According to reports it was Arconic Reynobond PE (polyethylene core).


----------



## ThatOneGuy (Jan 13, 2012)

*Cladding stripped from residential towers across UK in wake of Grenfell Tower fire*



> Cladding is being removed from residential high-rises across the UK following concerns over fire safety in the wake of the Grenfell Tower tragedy.
> 
> The government has ordered tests on up to 600 high-rise buildings to establish whether they have been clad in the same aluminium composite material used at Grenfell Tower, as last week's disaster continues to send shockwaves through the UK construction industry.
> 
> ...



https://www.dezeen.com/2017/06/23/c...-towers-across-uk-grenfell-tower-fire-safety/


----------



## ThatOneGuy (Jan 13, 2012)

The aptly named 'Marina Torch' in Dubai has caught fire..._again._










*Massive fire breaks out at Dubai's 1,105ft Torch tower*


> This is the building's second major blaze since opening in 2011
> 
> A massive fire has broken out at Dubai's 1,105ft tall Torch Tower.
> 
> ...


http://www.independent.co.uk/news/w...bai-marina-united-arab-emirates-a7876021.html


----------



## Zaz965 (Jan 24, 2015)

why don't they ban such king of coating on buildings? :dunno:


----------



## ThatOneGuy (Jan 13, 2012)

It seems Zaha Hadid has been using this cladding. I expected better from her firm.

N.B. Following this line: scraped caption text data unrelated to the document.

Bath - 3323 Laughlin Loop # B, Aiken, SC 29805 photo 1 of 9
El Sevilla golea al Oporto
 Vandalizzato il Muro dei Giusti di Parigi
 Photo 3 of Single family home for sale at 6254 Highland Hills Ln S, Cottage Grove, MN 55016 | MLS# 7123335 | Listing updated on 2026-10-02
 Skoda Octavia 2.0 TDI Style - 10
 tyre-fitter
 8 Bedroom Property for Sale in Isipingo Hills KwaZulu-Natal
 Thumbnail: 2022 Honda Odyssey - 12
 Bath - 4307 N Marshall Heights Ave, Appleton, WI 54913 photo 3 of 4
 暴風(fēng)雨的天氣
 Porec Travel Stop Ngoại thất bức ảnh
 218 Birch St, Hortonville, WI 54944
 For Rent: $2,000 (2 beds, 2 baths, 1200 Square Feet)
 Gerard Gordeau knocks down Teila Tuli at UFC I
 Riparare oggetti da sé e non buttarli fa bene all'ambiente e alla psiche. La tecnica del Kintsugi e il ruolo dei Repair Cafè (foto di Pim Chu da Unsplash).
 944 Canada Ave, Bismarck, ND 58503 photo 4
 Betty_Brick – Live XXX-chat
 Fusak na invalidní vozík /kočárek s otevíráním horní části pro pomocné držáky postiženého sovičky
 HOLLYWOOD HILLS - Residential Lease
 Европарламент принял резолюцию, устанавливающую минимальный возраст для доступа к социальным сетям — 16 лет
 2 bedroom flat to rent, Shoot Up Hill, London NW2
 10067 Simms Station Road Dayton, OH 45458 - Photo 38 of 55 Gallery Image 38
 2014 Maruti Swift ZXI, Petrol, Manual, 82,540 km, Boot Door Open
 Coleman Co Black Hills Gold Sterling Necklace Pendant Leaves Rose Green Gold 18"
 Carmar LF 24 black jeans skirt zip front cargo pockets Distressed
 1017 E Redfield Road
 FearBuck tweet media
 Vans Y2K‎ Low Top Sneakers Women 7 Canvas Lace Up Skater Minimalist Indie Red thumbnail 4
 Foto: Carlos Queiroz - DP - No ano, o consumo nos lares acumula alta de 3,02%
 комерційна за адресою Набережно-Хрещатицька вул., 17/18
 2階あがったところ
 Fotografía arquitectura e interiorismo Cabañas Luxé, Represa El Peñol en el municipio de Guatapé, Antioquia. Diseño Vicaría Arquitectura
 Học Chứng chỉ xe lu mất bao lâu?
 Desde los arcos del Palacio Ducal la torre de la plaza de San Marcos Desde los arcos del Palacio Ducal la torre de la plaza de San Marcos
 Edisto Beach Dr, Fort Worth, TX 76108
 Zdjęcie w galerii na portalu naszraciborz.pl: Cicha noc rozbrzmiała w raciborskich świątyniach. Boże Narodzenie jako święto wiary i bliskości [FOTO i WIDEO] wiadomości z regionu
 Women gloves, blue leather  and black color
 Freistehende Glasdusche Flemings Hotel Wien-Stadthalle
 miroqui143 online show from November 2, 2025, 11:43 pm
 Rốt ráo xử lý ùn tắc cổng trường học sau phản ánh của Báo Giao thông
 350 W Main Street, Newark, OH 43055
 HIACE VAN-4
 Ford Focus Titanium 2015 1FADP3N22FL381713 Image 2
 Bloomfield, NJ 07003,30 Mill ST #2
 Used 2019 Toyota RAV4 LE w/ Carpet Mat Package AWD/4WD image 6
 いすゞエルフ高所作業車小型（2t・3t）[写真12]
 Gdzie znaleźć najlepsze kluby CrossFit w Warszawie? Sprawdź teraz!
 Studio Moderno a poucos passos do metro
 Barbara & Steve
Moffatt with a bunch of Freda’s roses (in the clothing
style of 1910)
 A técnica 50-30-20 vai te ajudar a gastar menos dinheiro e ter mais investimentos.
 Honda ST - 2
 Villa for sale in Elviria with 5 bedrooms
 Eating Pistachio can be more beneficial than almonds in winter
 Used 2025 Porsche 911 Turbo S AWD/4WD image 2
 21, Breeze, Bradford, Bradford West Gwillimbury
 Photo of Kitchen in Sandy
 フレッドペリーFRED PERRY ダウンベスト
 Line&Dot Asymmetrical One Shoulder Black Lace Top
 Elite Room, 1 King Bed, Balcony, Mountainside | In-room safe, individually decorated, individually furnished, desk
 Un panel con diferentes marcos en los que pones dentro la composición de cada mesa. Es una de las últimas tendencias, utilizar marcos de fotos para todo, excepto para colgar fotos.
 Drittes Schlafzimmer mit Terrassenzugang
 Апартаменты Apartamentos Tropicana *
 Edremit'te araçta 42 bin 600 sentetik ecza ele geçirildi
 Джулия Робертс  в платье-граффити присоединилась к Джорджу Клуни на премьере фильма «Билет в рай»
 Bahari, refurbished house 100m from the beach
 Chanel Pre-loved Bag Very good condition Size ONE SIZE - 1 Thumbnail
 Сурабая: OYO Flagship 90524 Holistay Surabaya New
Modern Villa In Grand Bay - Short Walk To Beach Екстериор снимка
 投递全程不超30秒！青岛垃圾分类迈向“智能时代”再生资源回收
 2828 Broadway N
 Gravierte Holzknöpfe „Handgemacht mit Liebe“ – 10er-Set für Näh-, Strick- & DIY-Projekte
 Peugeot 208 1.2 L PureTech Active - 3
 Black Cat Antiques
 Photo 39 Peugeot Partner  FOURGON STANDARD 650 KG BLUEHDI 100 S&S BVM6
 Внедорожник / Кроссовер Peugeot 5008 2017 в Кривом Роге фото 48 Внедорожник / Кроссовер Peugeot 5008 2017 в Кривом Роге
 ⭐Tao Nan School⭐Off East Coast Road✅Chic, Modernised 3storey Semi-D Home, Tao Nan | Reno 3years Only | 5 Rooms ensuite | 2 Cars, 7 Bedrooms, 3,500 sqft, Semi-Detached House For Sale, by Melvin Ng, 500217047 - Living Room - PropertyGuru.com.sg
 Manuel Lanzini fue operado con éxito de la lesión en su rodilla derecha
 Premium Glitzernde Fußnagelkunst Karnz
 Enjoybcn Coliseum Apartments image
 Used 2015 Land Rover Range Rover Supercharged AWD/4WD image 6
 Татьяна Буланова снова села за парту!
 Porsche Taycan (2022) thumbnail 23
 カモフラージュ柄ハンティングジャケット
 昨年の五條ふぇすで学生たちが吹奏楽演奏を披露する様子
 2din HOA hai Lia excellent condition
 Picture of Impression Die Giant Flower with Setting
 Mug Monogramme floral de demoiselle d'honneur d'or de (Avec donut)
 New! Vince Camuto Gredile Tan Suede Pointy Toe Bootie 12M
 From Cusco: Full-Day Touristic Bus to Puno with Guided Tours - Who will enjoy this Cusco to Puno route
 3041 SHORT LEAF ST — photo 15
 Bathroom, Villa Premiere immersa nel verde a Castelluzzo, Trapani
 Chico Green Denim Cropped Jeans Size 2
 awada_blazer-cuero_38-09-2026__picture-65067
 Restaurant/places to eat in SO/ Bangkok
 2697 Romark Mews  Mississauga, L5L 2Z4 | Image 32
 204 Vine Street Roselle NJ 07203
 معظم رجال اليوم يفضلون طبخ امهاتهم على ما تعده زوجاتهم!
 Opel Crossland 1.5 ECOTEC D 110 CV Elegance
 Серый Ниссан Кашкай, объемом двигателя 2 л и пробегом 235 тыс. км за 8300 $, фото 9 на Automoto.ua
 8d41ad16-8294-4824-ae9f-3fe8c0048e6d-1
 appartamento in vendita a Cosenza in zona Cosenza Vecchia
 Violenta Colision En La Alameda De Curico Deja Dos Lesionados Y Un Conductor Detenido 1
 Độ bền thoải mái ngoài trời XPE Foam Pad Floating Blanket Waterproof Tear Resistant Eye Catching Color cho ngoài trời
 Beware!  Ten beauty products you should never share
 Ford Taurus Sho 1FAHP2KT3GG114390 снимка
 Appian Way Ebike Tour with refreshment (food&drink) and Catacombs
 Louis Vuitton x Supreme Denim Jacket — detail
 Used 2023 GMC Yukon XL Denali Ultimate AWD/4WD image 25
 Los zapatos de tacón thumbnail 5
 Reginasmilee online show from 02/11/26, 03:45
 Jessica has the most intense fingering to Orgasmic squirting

Fire Breaks Out at the Zaha Hadid-Designed Building in Beirut, Lebanon


In the Lebanese capital, Beirut, a fire erupted on Tuesday Morning at the Zaha Hadid-Designed building.




www.archdaily.com


----------



## ThatOneGuy (Jan 13, 2012)

Another victim of aluminum composite cladding in Milan. No casualties reported.


----------